■ **Directions for this task**:
Extract the run of lines that starts at the top of the records below and ends at the line with "Best UA Bape Side Shark Shorts Black", keeping both ends and excluding pictures.

■ **Given data**:
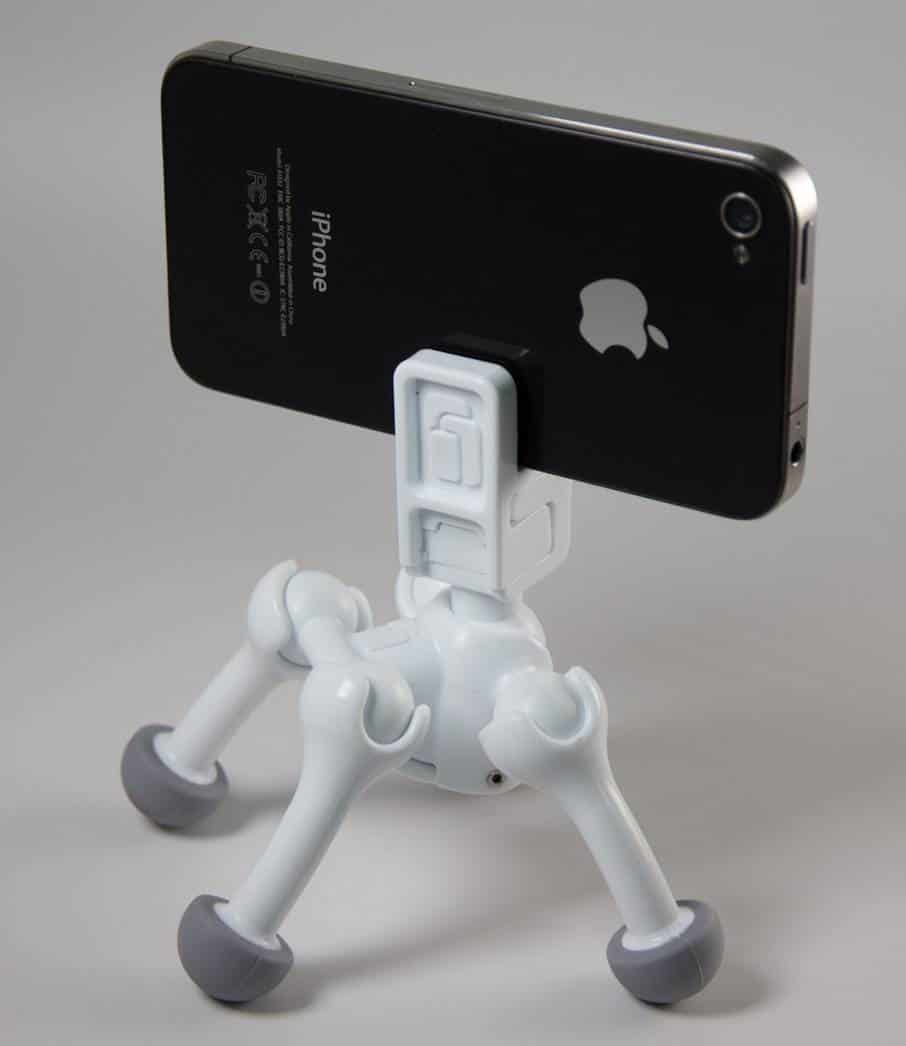 a cell phone on a stand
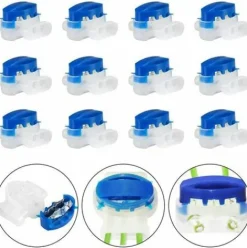 * Fvbjd Connecteurs De Cable Connecteur Etanche 15Pcs Connecteurs Raccords De Cable Pour Robot Tondeuse Jardin Exterieur Et Voiture><noscript><img width=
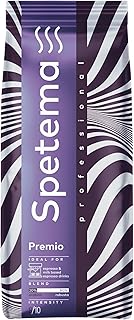 Spetema Kaffeebohnen Premio Professional - 20% Arabica & 80% Robusta, für Espressomaschinen, mit Harmonischem Geschmack, Cremigem Schaum und Betörendem Aroma, Intensität 8/10, Mittlere Röstung, 1 kg.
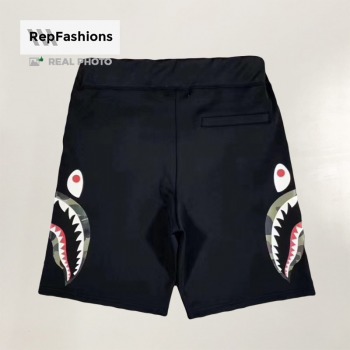 Best UA Bape Side Shark Shorts Black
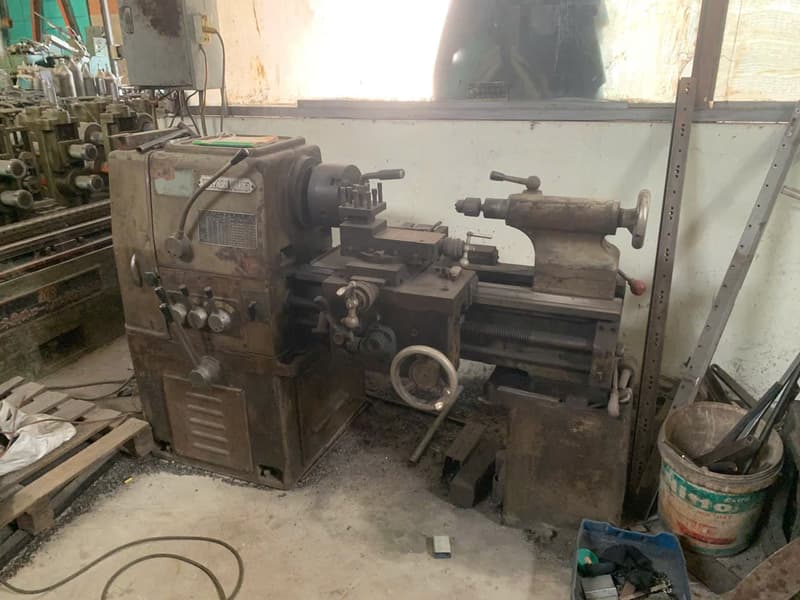 CNC lathe in production at Global Mechanical Construction Production, a DEWIN-verified Vietnamese supplier facility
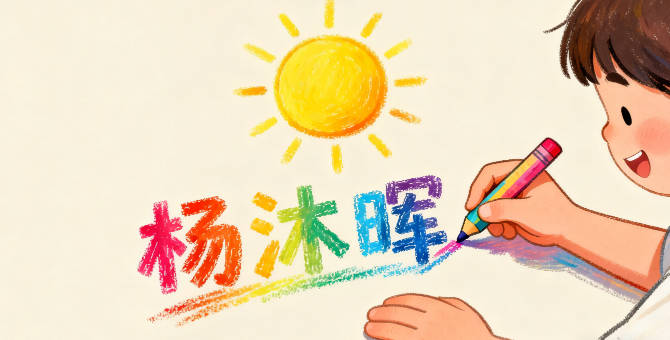 杨姓男宝宝起名经典大气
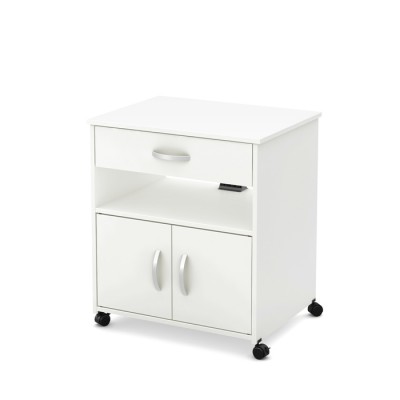 Rangement à micro-ondes sur roulettes Axess 10012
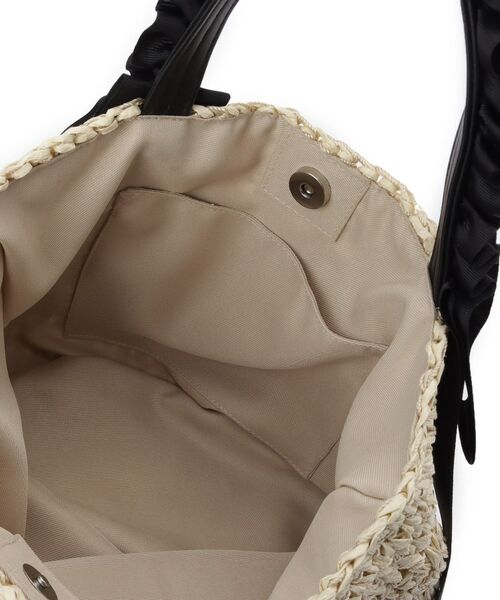 Couture Brooch / クチュールブローチ トートバッグ | ペーパー編みリボントートバッグ | 詳細8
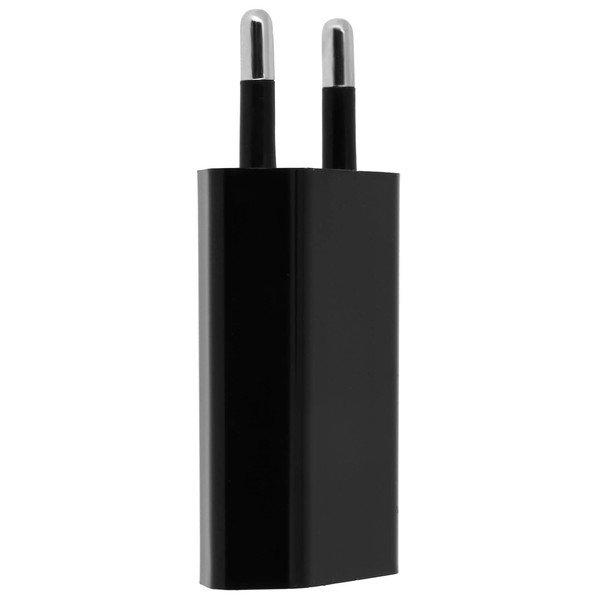 Avizar USB Wand Ladegerät 1A – Schwarz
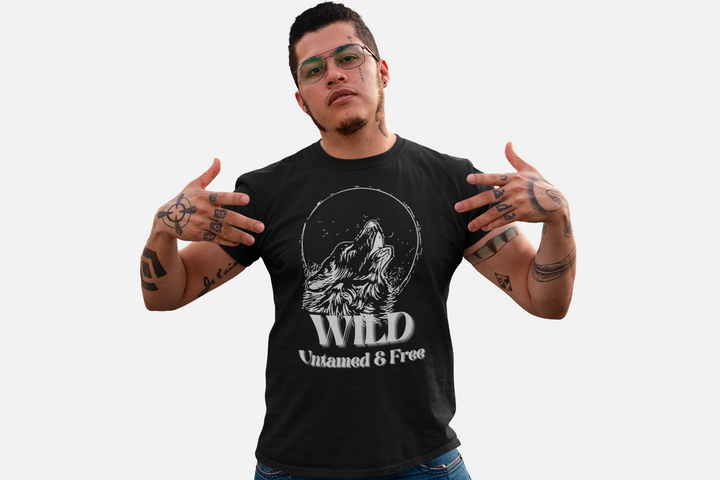 UNCHAINED WOLF TEE – Midnight Wild & Free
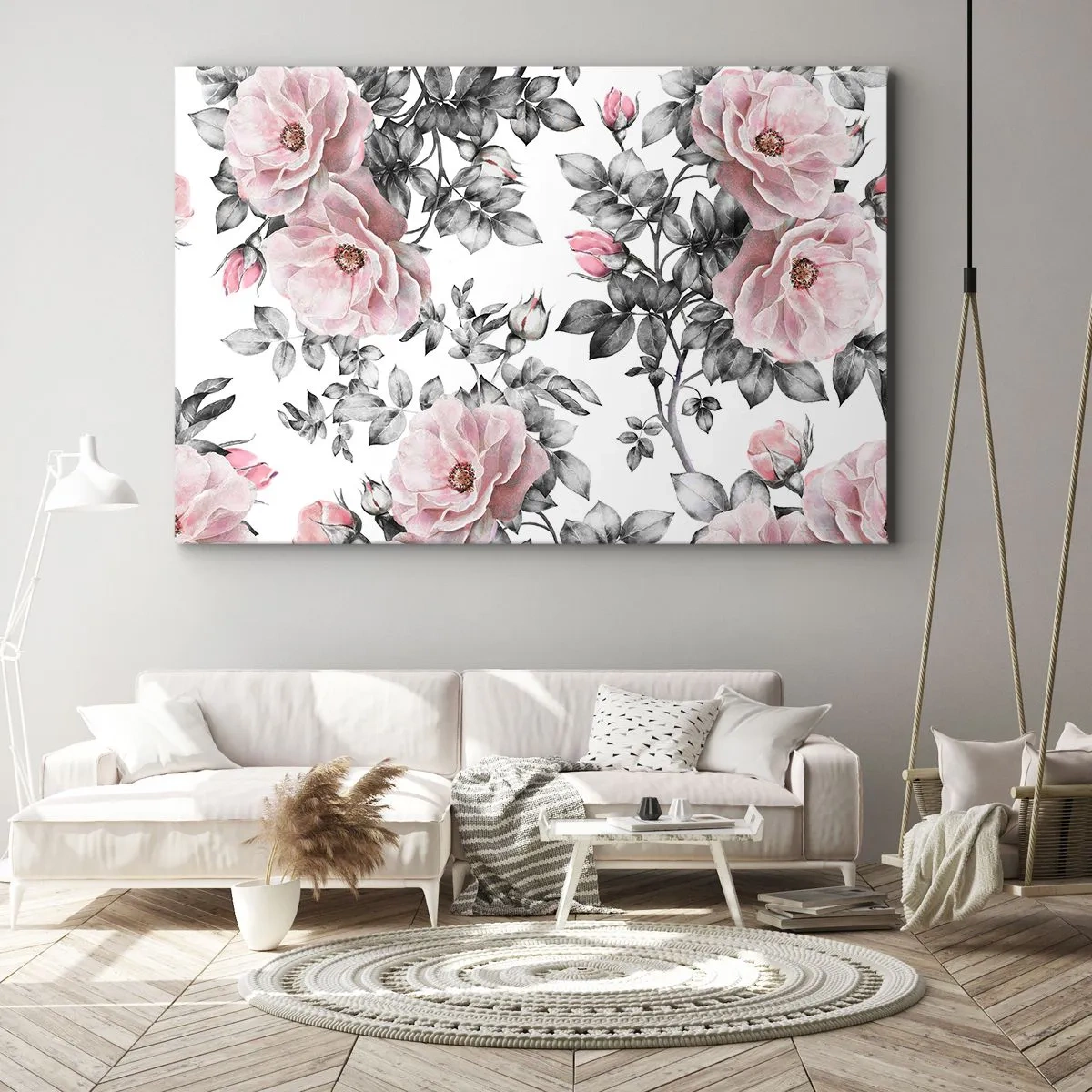 Canvas picture - Getting Lost in Rose Flowers - 100x70 cm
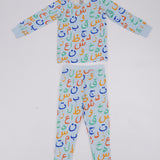 Long Sleeve Pajama Set - Arabic Boys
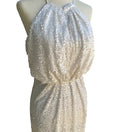 Switch Trina Turk Glam Sequin Halter Bridal Wedding Formal Gala Maxi Dress Gown Party S 3 image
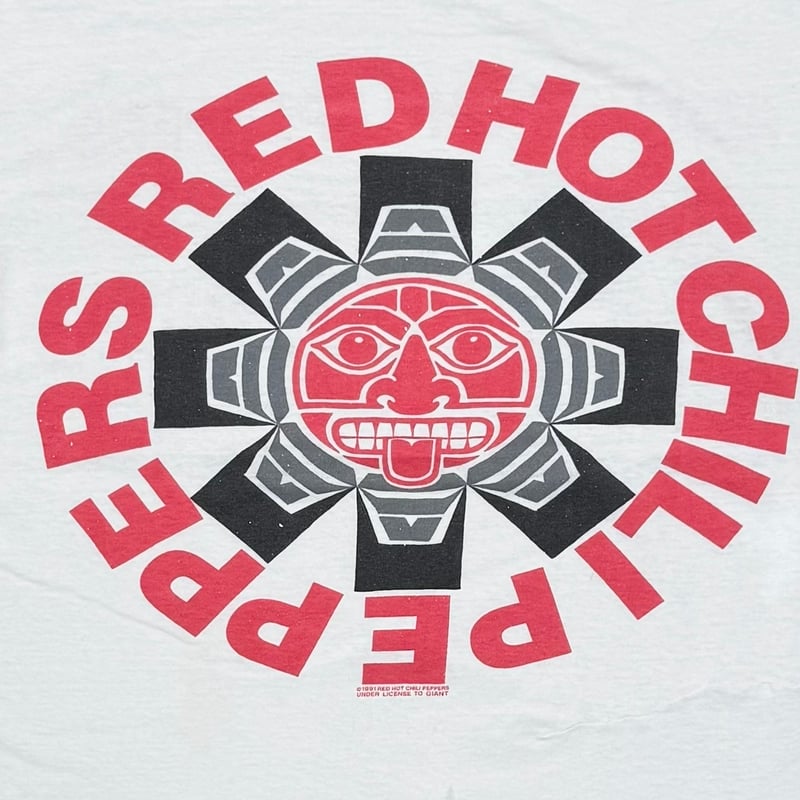 RED HOT CHILI PEPPERS ピック RED HOT CHILI PEPPERS 1991 AZTEC WHITE giant BY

■ **Response to the task**:
 a cell phone on a stand
 * Fvbjd Connecteurs De Cable Connecteur Etanche 15Pcs Connecteurs Raccords De Cable Pour Robot Tondeuse Jardin Exterieur Et Voiture><noscript><img width=
 Spetema Kaffeebohnen Premio Professional - 20% Arabica & 80% Robusta, für Espressomaschinen, mit Harmonischem Geschmack, Cremigem Schaum und Betörendem Aroma, Intensität 8/10, Mittlere Röstung, 1 kg.
 Best UA Bape Side Shark Shorts Black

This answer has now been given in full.